◆ ENTRIES SHOWN ◆
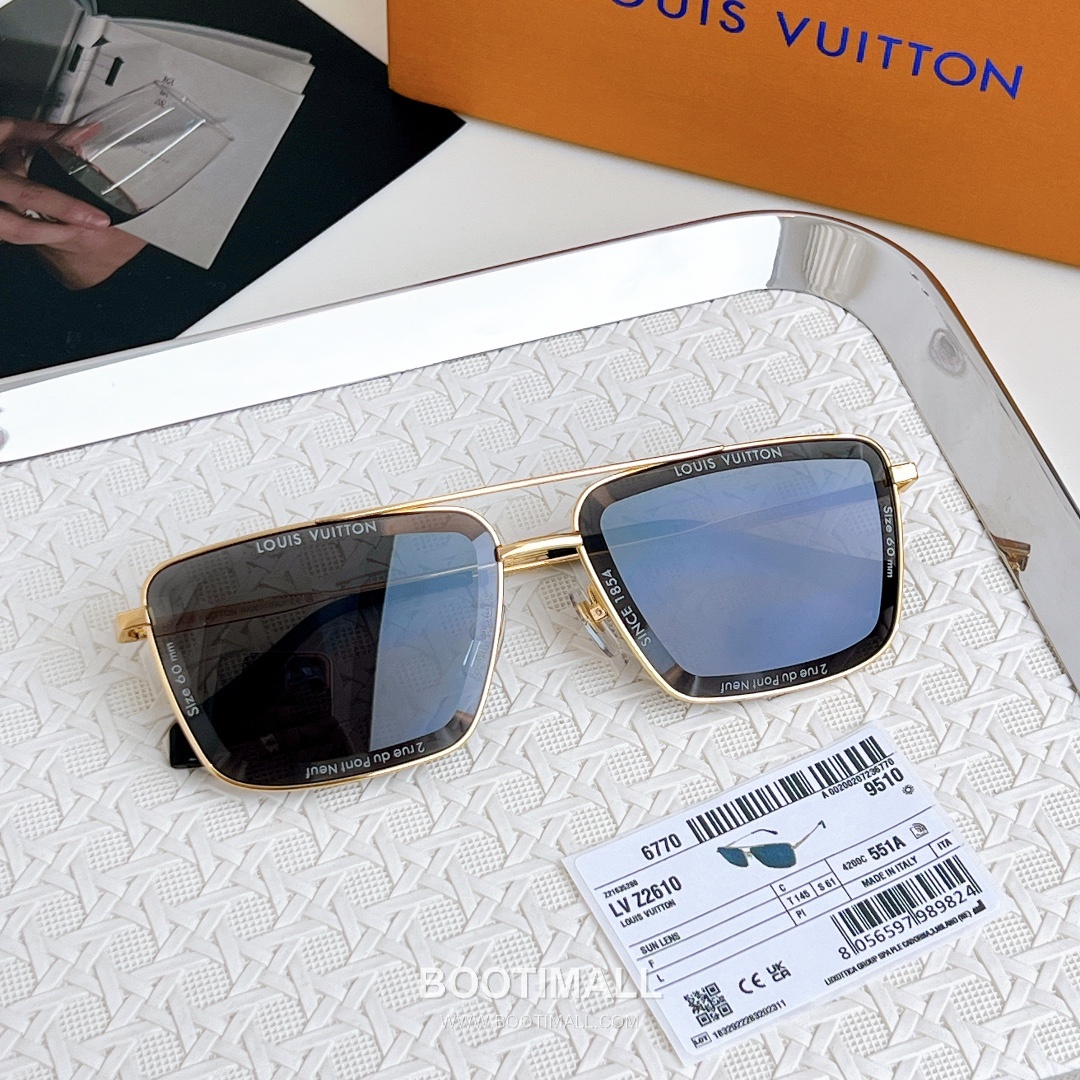 Louis Vuitton Sunglasses Acetate Black 루이비통 Z2610 선글라스 아세테이트 블랙 145cm 4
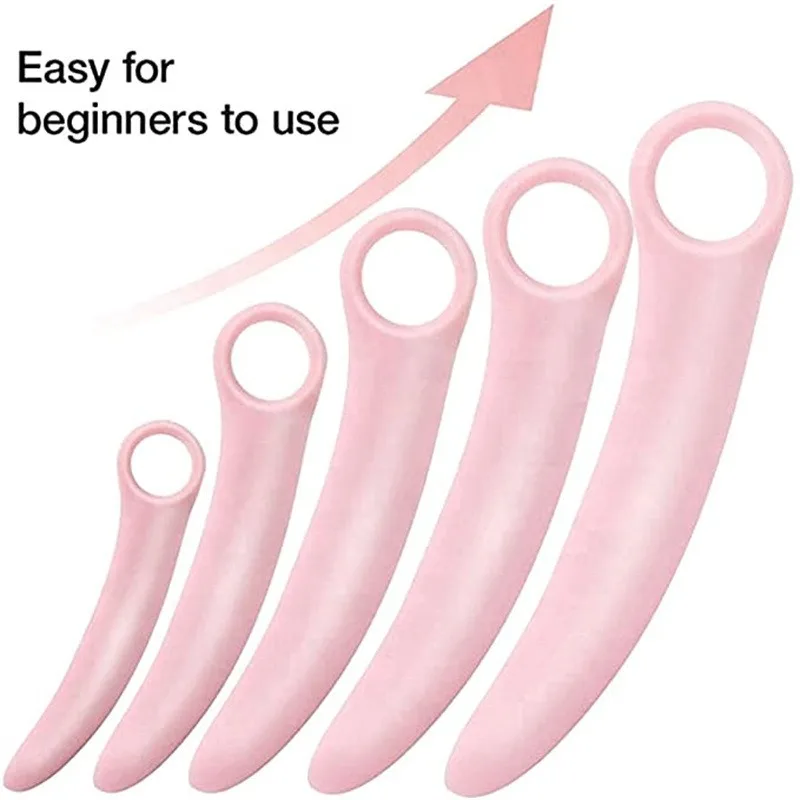 Vaginal Dilator Spasm Relief Desensitization Trainer for Women, Vaginal Expansion Rod, Intimacy Enhancer anal dildo， sex toys
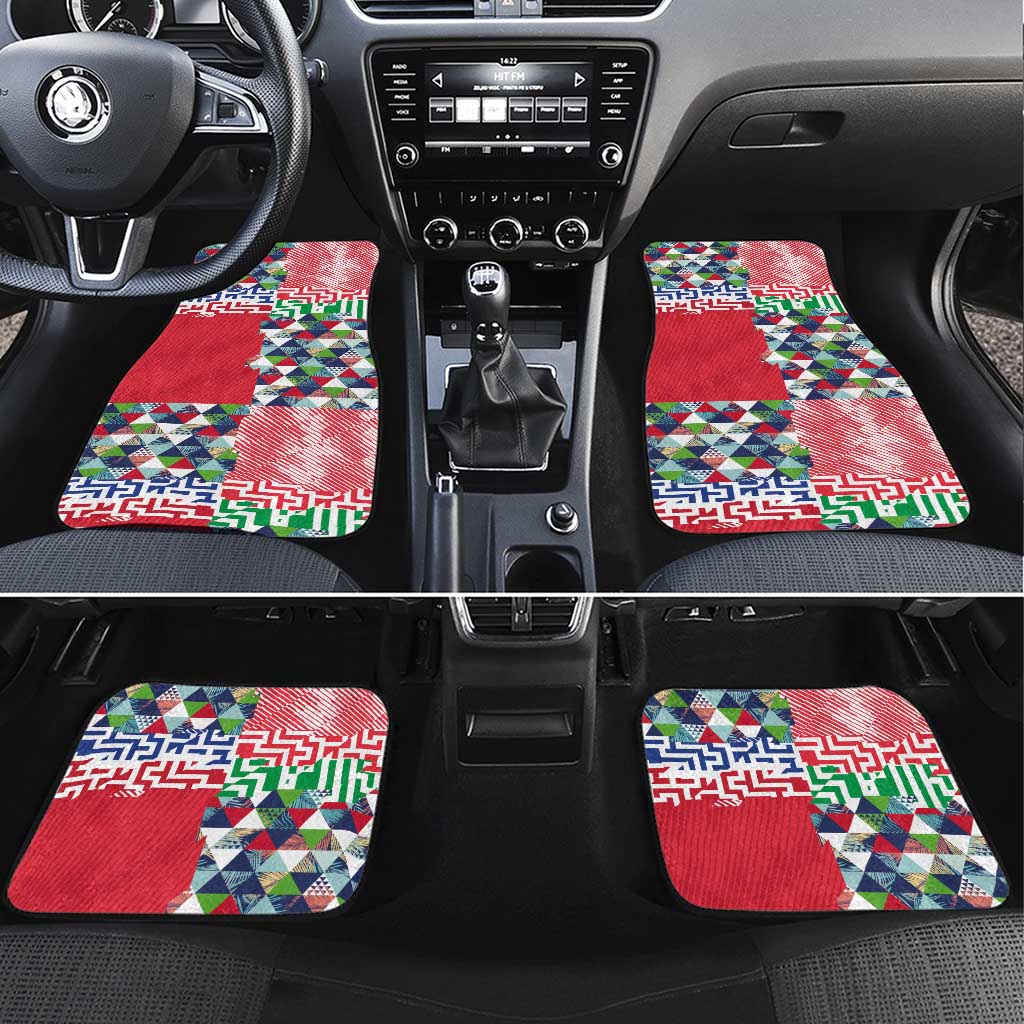 Hawaiian Floral Kakau Tropical Leaves-Sporty Style Car Mats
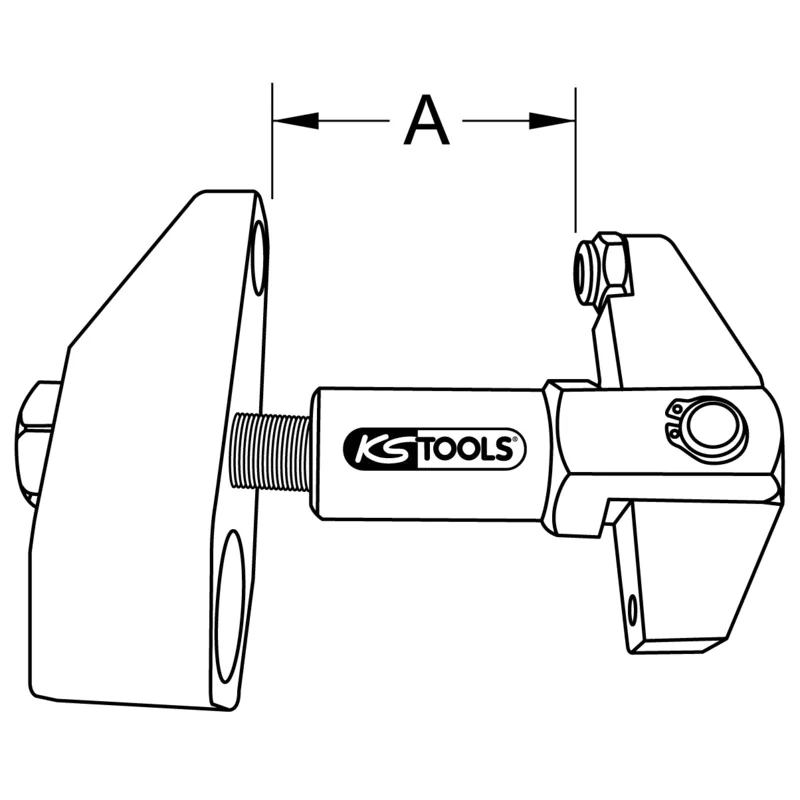 KS Tools - 6700076 - Clamping Screws Ejector Without Spindle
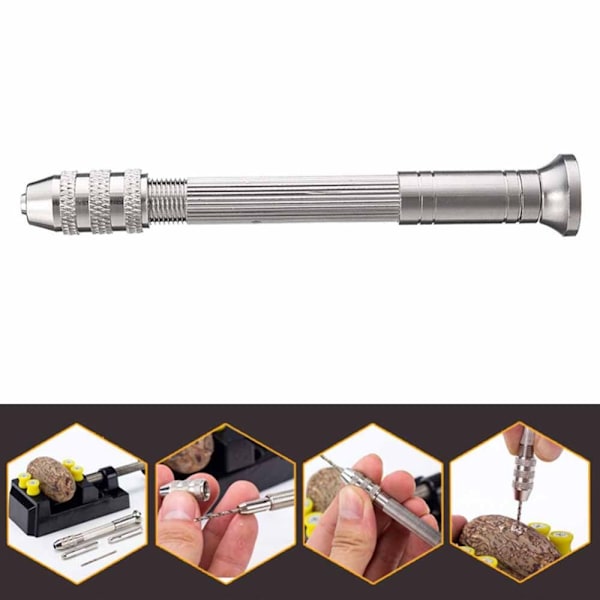 Handtwistborr Handborrverktyg 0,5-2,0MM 11ST 0,5-2,0MM 0.5-2.0mm 11PCS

◆ TASK DIRECTIONS ◆
Copy out the listing word for word and skip its pictures.

◆ ANSWER SECTION ◆
 Louis Vuitton Sunglasses Acetate Black 루이비통 Z2610 선글라스 아세테이트 블랙 145cm 4
 Vaginal Dilator Spasm Relief Desensitization Trainer for Women, Vaginal Expansion Rod, Intimacy Enhancer anal dildo， sex toys
 Hawaiian Floral Kakau Tropical Leaves-Sporty Style Car Mats
 KS Tools - 6700076 - Clamping Screws Ejector Without Spindle
 Handtwistborr Handborrverktyg 0,5-2,0MM 11ST 0,5-2,0MM 0.5-2.0mm 11PCS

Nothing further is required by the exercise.